大森靖子:特に夏フェスに出るっていうことで、なんか色んな方が出てらっしゃるじゃないですか。で、まあステージもいっぱいあって、自分を選んでもらわなきゃいけないっていうときに、やっぱり名前が売れてないので、ひたすら名前を売るために夏フェスに出ようと思って。その巻き込む、お客さんを巻き込むための工夫とかは凄い考えましたね。

 

――動画をみると強烈なピンクで色んなところに出没していましたけれど、ピンクを自分のイメージカラーに決めたっていうのはどういうところで。

 

大森靖子:ずっとピンクのものとかを買っちゃいけないと思っていたんですよ、自分が。それはなんか、可愛い子が買うものだからとか、こういうものは自分は持っちゃいけないみたいな風に思っていて23、4歳まで生きてきたんで、なんかある種、25歳くらいのときに開き直りみたいなのがやっぱりあるじゃないですか。服とかもずーっと真っ黒なワンピース着てて、もう喪服みたいな。

その時に、やっぱりなんか爆発しちゃったんですね、なんかそれが。そういう気持ちがありますね。でも自分がやったら、ピンクがピンクなのに可愛いピンクにならない気がするみたいなのもあって。でもなんかピンクってわざとらしい色じゃないですか。花とかだって、頑張って咲いて、凄いピンクになるとか。

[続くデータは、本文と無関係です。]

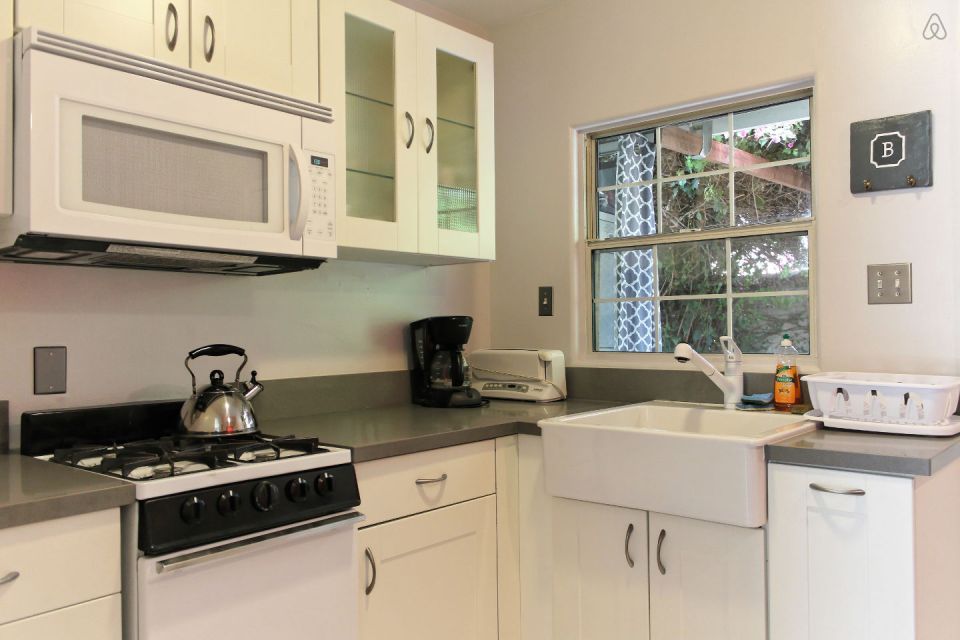 This 1922 cottage is one of six in a California “bungalow court”. It has one bedroom on the 416 sq ft main level plus a sleeping loft. | www.facebook.com/SmallHouseBliss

そういう色なのに、肉とか内側切ったりとかしたらピンク色だったりとか、人間の内側ってピンクじゃないですか。極限まで内側のものと、極限までわざとらしく頑張って作った外側のものっていうのの色っていうところで、なんか0か100かじゃないですけど、そういうわざとらしい仰々しいものみたいなのが凄い好きで、何事も。

 

――我々からすると大森さんのスタイルってほんとロックスターだと思うんです。アイドルとの間をやすやす超えていくようなスタイルだと思うんですけども、ご自身では大森、この大森スタイルってどのように思われていますか。

 

大森靖子:何でもできるからいいんですかね、やっぱり。基本的にメロディーと歌詞と声がやっぱり自分だと思ってるから。その付随する部分って面白いことするんでも、なんにもしないでも、ちょっと可愛くするでも、可愛げなくするでも、なんでも良くて。逆に、ほんとは、どこでもいいっていうことなんですかね。

別に自分から行こうとしてるわけじゃなくて、色んな人が面白がって、その変な世界に入れたみたいな。なんか出てみる?みたいに言われて、あ、じゃあ出れるんだったらみたいな感じで。そうですね、面白がる人がいたのが良かったですね。自分もそれを一緒に面白がったので、一緒になんか大森靖子こんなことしたら面白いなみたいなのを、色んな大人と一緒に面白がったみたいな。

Vol.2

――これだけのオリジナリティーって、今の時代って逆に言えばオリジナリティーを出しづらい、没個性な時代だったりするじゃないですか。音楽界もわりと同じようなタイプの人がいる中でこれだけ強烈にオリジナリティーを出せるというのは、今まで影響を受けたものとか、自分の中で理想があったりしたんですか。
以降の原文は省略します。